I’d have him drooling into his pudding for two hours. Not the most compelling script but I could bring it in for slightly under $100 million.

You mean that god-awful 60’s [url=http://www.imdb.com/title/tt0062794/]crapfest** that won Cliff Robertson a very deserved Oscar? Do you think that the musical “Flowers for Algernon” starring Michael Crawford was also a crapfest?

Corrected link.

I wonder what brought up this line of thinking. If there’s anything that’s complete entirely had has no need and no room for a sequel, it’s that.

SPOILER ALERT!!!

The sequel would have to a horror fantasy slash fest. After the regression back to moronity, the next effect takes even longer to manifest. But it causes an insatiable hunger for the blood of high school teeners (played by 25 yr olds) who dress oddly but have plenty of nicely jiggelly parts. The end result would gigantism followed by exploding heads.

Fun for everyone.

I’d have Algernon turn out to be merely one of several ‘split personalities’ in somebody’s mind and that his real name was actually Billy Milligan.

:wink:

For a truly crappy Flowers for Algernon movie, watch Molly starring Elisabeth Shue. I don’t know if they even credit Daniel Keyes for the story, but Molly is a blatant rip-off. Maybe he refused to let them use his name.

Maybe they could combine this with Stuart Little 4. Stuart is tooling around in his nifty little roadster, and he picks up Algernon, who is hitchhiking to get the hell away from that freaky neuro lab. Unfortunately, the neuro lab goons have implanted a locator chip in Algernon, and both Algy and Stuart end up being vivisected by Cliff Robertson in a special-ed science fair project.

seqol progris report

Miss Kinnian said I shuld rite a seqol to Flours For Algeron, and she says i rite as gud as any skreenriter in Holywood i hop the fellas at Donners dont say you shore puld a charlie gordon wen i tun in my skript they say i mite gets points off the films gross butt my agent is holden out for an even beter deel for futur seqols parris hiltun mite play miss kinnian and been aflec wil be me charlie gordon

Wel i gotta go do lunch baby and my agent is texing me on my salephone

Chow

yrs truly charlie gordon

For a good ‘Flowers for Algernon’ style story, how about Phenomenon?

:smiley:

*Charly * is not a great movie, but it’s hardly a crapfest.

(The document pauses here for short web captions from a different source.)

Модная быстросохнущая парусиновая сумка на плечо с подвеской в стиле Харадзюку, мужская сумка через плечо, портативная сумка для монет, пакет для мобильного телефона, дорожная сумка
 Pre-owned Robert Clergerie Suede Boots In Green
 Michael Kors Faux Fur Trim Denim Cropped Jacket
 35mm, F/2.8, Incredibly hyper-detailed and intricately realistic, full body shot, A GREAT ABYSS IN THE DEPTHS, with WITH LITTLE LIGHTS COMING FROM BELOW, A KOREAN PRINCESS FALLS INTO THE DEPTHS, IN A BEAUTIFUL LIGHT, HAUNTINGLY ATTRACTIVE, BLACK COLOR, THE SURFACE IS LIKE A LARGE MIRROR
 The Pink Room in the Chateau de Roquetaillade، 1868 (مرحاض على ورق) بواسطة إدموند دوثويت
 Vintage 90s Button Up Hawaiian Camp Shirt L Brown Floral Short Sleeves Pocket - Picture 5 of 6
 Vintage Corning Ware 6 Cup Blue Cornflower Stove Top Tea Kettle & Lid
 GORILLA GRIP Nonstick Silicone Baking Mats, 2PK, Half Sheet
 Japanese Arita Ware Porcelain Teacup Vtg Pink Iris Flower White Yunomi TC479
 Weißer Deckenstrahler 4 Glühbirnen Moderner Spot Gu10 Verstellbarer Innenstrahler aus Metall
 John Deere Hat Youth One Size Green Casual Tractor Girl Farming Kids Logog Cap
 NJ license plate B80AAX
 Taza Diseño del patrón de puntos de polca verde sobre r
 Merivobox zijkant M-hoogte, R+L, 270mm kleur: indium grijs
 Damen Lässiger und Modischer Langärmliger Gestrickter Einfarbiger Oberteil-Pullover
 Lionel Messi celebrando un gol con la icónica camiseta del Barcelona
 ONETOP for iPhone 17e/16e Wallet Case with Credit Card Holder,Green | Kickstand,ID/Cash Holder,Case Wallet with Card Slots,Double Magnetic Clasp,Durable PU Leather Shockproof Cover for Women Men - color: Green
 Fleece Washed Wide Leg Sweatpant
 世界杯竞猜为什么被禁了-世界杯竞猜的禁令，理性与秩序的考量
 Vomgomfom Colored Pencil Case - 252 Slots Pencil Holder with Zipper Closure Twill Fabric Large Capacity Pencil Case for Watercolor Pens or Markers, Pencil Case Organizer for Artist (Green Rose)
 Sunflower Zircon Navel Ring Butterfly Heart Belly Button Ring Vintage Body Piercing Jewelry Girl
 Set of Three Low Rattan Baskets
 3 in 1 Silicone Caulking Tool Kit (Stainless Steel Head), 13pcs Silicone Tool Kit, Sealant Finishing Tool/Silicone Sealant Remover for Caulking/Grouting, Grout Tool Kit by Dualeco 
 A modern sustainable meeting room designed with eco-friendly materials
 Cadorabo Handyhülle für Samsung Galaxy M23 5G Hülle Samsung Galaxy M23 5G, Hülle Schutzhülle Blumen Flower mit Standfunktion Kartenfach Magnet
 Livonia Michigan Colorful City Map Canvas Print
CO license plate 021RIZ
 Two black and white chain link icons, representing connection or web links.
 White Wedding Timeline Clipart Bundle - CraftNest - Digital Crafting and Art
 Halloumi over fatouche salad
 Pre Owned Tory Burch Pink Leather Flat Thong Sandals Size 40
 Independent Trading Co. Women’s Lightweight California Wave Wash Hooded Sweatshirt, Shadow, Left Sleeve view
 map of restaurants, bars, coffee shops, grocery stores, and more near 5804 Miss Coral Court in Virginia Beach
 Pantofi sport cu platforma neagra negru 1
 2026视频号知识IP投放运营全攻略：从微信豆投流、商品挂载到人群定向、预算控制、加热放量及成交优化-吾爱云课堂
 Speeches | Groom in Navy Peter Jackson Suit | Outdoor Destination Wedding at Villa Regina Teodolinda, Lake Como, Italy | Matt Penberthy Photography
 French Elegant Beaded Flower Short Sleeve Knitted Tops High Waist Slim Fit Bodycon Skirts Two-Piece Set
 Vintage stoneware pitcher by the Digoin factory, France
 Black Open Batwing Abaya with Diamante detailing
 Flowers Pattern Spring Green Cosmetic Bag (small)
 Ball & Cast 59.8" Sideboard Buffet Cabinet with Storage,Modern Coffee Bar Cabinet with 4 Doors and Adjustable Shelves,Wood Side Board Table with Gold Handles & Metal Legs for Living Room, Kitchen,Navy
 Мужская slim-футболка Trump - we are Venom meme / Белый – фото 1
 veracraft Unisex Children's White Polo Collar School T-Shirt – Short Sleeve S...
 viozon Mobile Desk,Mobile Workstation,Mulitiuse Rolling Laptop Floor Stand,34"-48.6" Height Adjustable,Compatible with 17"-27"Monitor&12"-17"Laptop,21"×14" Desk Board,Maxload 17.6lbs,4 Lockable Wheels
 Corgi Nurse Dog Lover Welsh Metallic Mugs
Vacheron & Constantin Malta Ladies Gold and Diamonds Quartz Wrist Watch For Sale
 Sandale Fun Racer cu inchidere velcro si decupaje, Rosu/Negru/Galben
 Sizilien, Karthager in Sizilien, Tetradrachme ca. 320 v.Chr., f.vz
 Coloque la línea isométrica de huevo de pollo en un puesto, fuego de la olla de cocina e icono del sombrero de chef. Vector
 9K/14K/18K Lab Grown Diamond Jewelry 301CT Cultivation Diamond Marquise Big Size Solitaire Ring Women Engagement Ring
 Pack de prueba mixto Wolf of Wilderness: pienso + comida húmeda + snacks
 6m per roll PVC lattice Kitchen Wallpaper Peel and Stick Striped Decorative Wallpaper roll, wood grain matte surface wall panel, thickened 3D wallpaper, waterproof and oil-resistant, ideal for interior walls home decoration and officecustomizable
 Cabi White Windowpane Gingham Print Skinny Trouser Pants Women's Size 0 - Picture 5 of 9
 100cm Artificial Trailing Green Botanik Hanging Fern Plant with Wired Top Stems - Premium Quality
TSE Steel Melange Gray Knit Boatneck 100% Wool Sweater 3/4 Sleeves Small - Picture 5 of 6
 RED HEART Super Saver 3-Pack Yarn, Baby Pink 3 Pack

Or wait; am I mixing up the title with the source material? Must remember to IMDB first.

If Cliff Robertson’s Oscar isn’t the least deserving ever in the Best Actor category, it certainly comes close. He’s fine as Charly but becomes increasingly unconvincing as he gets smarter, and has zero chemsitry with Claire Bloom as he “advances” as well. But the absolute worst part, the part that makes the Oscar so undeserving is that the movie cheats us out of seeing Charly devolve! In Flowers, it is heartbreaking to see Charly’s faculties slowly erode, with his keen self-awareness of the process and his inability to do anything about it. But the movie jumps over that entire process with a single cut: one second, he’s a genius contemplating the process he’s about to face, and then the very next second, he’s original Charly swinging on the swing set, back to “normal”. At least in Awakenings, we got to see Robert DeNiro waste back away, and if Cliff Robertson had shown 20 minutes of that, I wouldn’t have agreed with the Oscar–over Peter O’Toole in The Lion in Winter!–but I would’ve understood. But what’s unquestionably the heaviest lifting part of the role, the money scenes (from both a technical aspect and a button-pushing emotional point of view) are completely cut. No way did Robertson deserve that Oscar.

Well, y’know, with great Flowers comes great unoriginality…

Robertson’s Oscar was highly controversial, with observers decrying his shamelessly heavy-handed arm twisting-PR campaign. I’m certainly no expert on this matter, but I’ve heard several authorities say Robertson’s naked grab was really, really over the top, especially given his uneven delivery.

That said, I enjoyed the movie, though it lost many opportunities.

It’s tough to say since Charly wasn’t a big film, so one person’s “shamelessly heavy-handed campaign” is another person’s “effort to get his small film seen”, and while he was, from all accounts, everywhere drumming up support, it never got as bad as, say, Chill Wills’ embarrassing ad campaigns for The Alamo a few years earlier.

It’s also tough to determine how much of that attitude is historical revisionism, since Robertson was persona non grata for a while in the industry for blowing the whistle on the Columbia check-cashing scandal. And it certainly doesn’t help that the film dates quite badly now, with weird counter-culture episodes and genuinely goofy uses of splitscreens.

Still, it appears that O’Toole, who’s 0-for-7 with the Academy (not counting his Life Achievement Award) may have a good shot of winning the real deal this year. No actor has received as many Lead nominations and not won a competitive Oscar, so that’s why his loss for Lion (probably his best shot post-Lawrence) seems so egregious in retrospect.